« J’ai une tondeuse, une souffleuse, un aspirateur à feuilles et un garage pour ranger les outils dont je ne me sers pas. Parfois, à la fin de la journée, je m’ouvre une bière, je déplie une chaise, je regarde mon terrain, et je suis heureux. Le reste du temps, ma vie est comme celle du monde … plate. »
Il était une fois une famille d’aujourd’hui qui s’ennuie. Les parents et le fils. Ce dernier, geek à temps plein, affalé dans un fauteuil entouré des reliefs de chips et de soda, est content d’avoir les instruments lui permettant de faire de la musique, mais ça ne l’intéresse pas. Le père, André, est pleinement satisfait de son outillage de jardinage et de sa piscine « qu’on utilise une demie fois par année ». Danielle, sa femme, plutôt autoritaire, vit « au cas où ». L’ennui plombe ce foyer, dans lequel le choix d’une pâtisserie est vécu comme un acte héroïque. Le rythme journalier est dirigé par les émissions de télé, l’inconnu est craint et les individus ne communiquent pas. Jusqu’à ce qu’une invitation inattendue survienne et qu’un chien tente de traverser l’autoroute.
Sophie Bienvenu, romancière belge installée au Québec, propose son premier scénario de bande dessinée. Elle poursuit une œuvre sur son thème de prédilection : le couple. Comment il naît, s’installe, dépérît voire implose. Elle traque la mainmise du quotidien sur les êtres et des biens matériels sur les relations humaines. Elle illustre l’endormissement affectif et le repli sur soi. Elle dénonce le laisser-aller de chacune et de chacun, dans une perspective égalitariste et globale. Sur ce sujet, femmes et hommes, toutes et tous coupables. Son récit, mené avec rythme et rigueur, suscite d’emblée l’adhésion du lecteur et l’emmène dans une intrigue qui réserve son lot de surprises.
La Montréalaise Julie Rocheleau (La Colère de Fantômas, Laura Létourneau) met en image cette épopée domestique. Son trait vif et expressif brosse des atmosphères parfois oppressantes et des visages souvent fermés. Il se concentre sur les personnages au détriment des décors, comme l’exige le sujet de l’album. Il est surtout l’objet de véritables trouvailles visuelles. Adoptant un éventail de couleurs restreint, la dessinatrice livre des cases percutantes, synthétisant visuellement la tension d’une situation ou le désespoir d’un personnage.
Traverser l’autoroute ne bouleverse pas un genre ni n’épuise un sujet sans cesse interrogé, mais comporte suffisamment de qualités narratives et picturales pour retenir l’attention.

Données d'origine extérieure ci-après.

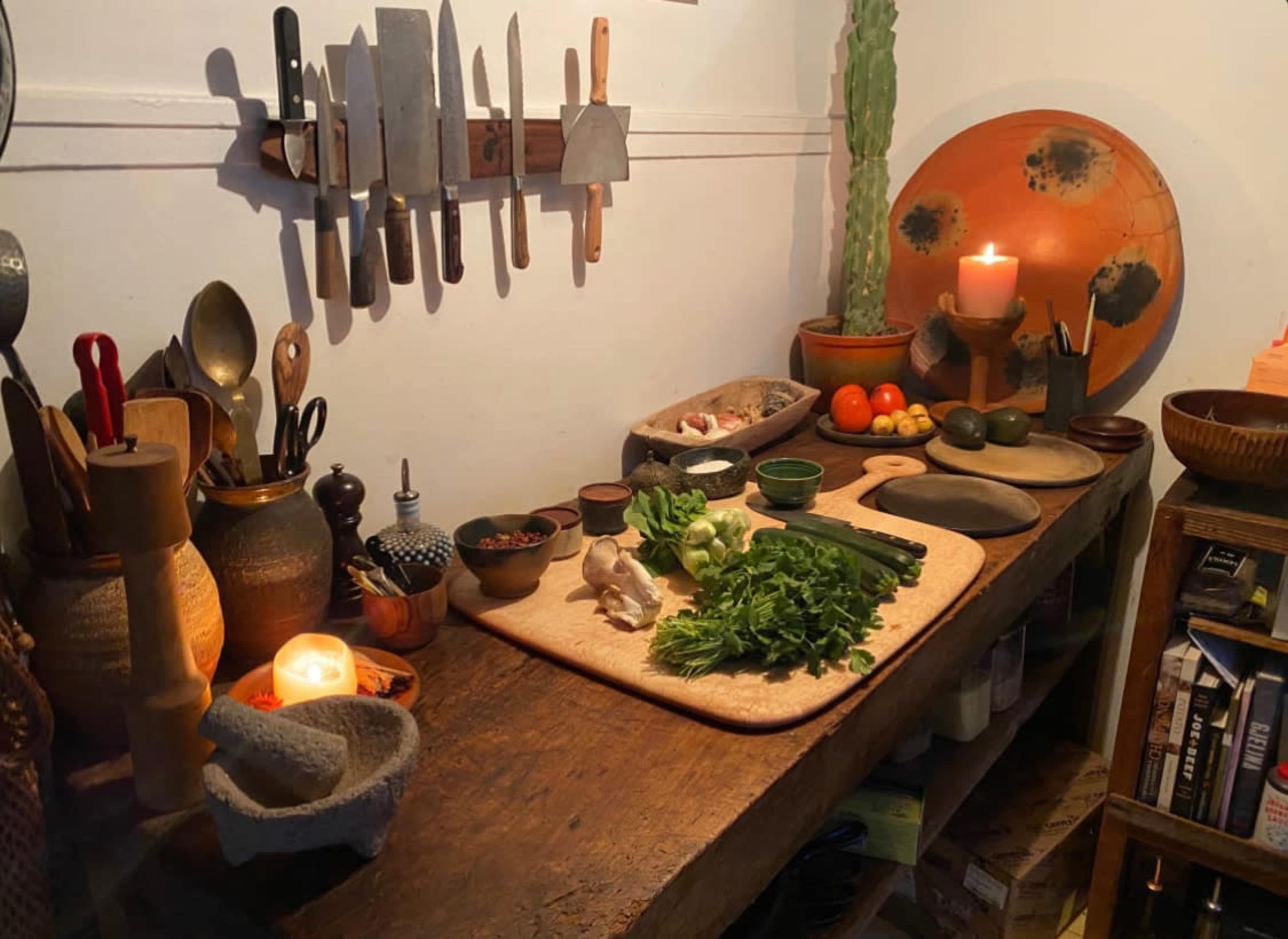 A wooden kitchen table is arranged with various cooking utensils, fresh vegetables, fruits, and candles, creating a rustic preparation space.
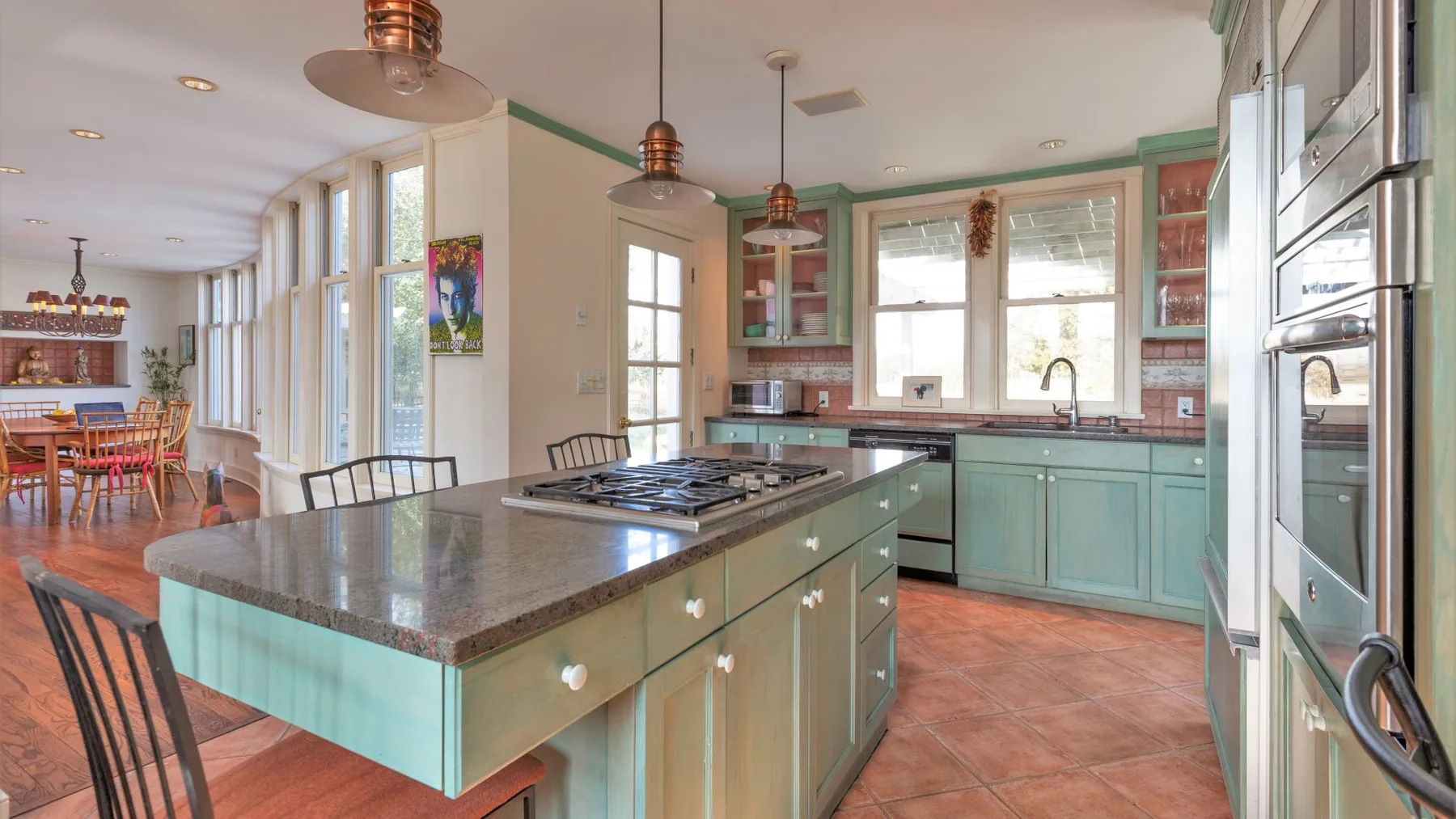 Una cocina amplia con isla central, gabinetes verdes y ventanas grandes.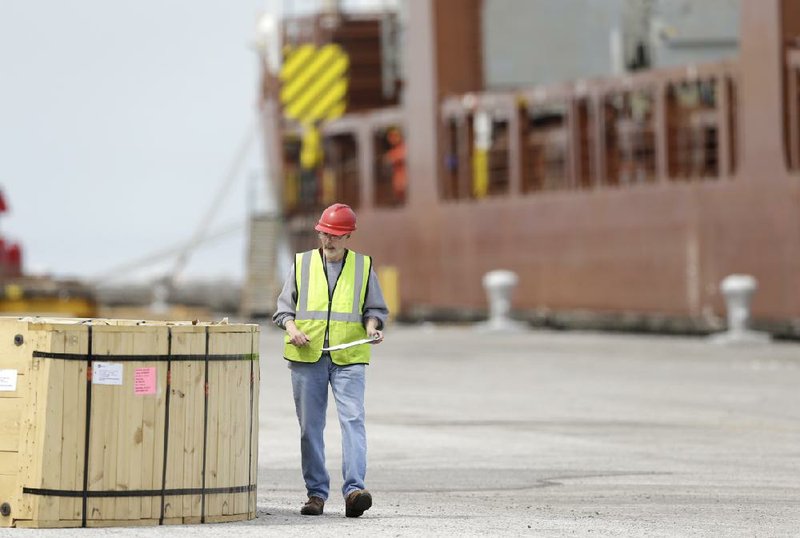 A dockworker inspects a crate to be loaded on the Amsterdambound Fortunagracht at the Port of Cleveland earlier this year. The Commerce Department announced Thursday that exports hit an all-time high in May.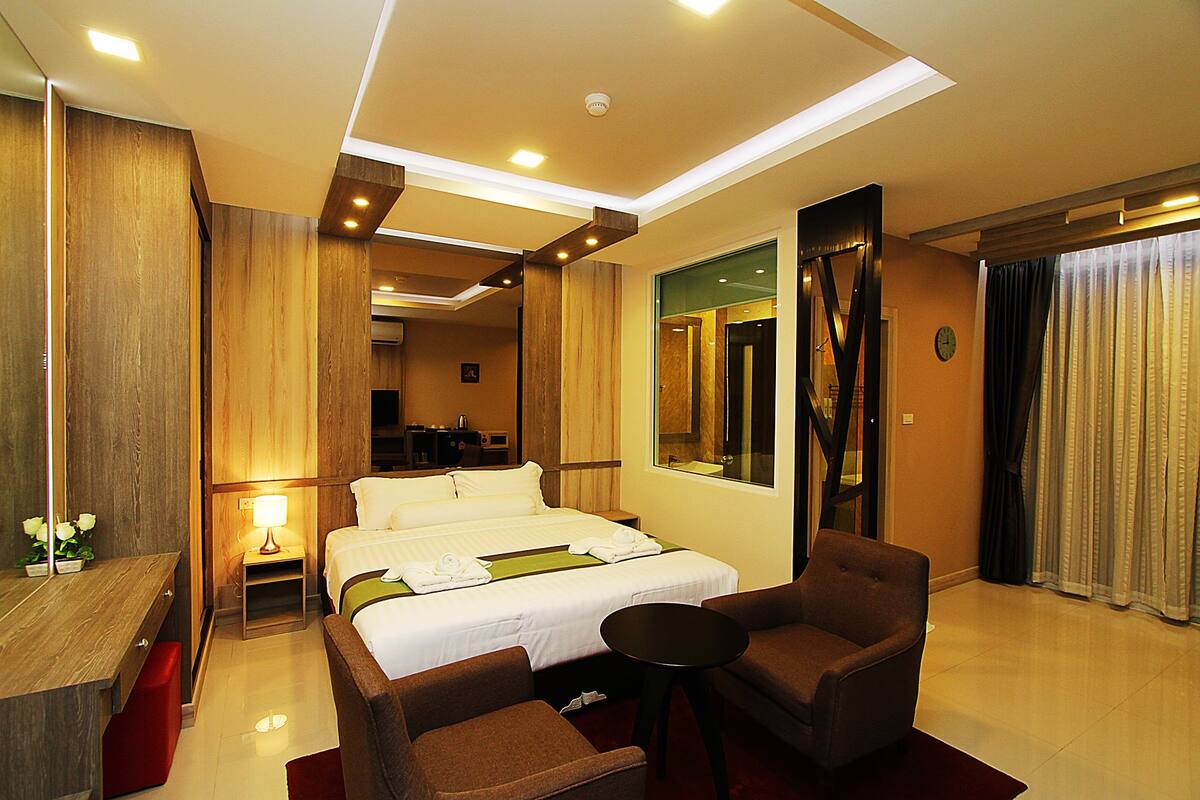 Une chambre d’hôtel avec un grand lit, un coin salon avec deux fauteuils, une petite table, un miroir et une fenêtre avec des rideaux.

C'est une règle essentielle : il ne faut jamais traverser une autoroute quand on est à pied. C'est mortel. Pour autant, cela ne va pas empêcher notre héros ,un père de famille déprimé par la routine, de le faire pour pouvoir sauver une pauvre bête. J'avoue ne pas avoir crû à cette énorme imprudence commise même si c'est pour la bonne cause.
La lecture s'est révélée parfois un peu pénible à cause des expressions québecoises qui ne sont pas vraiment comprises par les français de souche. Une traduction aurait été un minimum. Mais bon, on parle bien la même langue d'où une économie substantielle pour l'éditeur souhaitant garder un côté authentique même si le scénario n'est pas crédible.
Pour le reste, c'est une sorte de crise pour sortir de la banalité quotidienne. Un père va tout faire pour renouer le contact avec un fils adolescent qu'il a perdu de vue. C'est un conflit de génération. Fort heureusement, il y a des choses qui peuvent rapprocher comme un animal de compagnie.
C'est une lecture qui s'est révélée assez plaisante au final dans un style graphique semi-réaliste assez dynamique. C'est assez sympathique mais sans plus.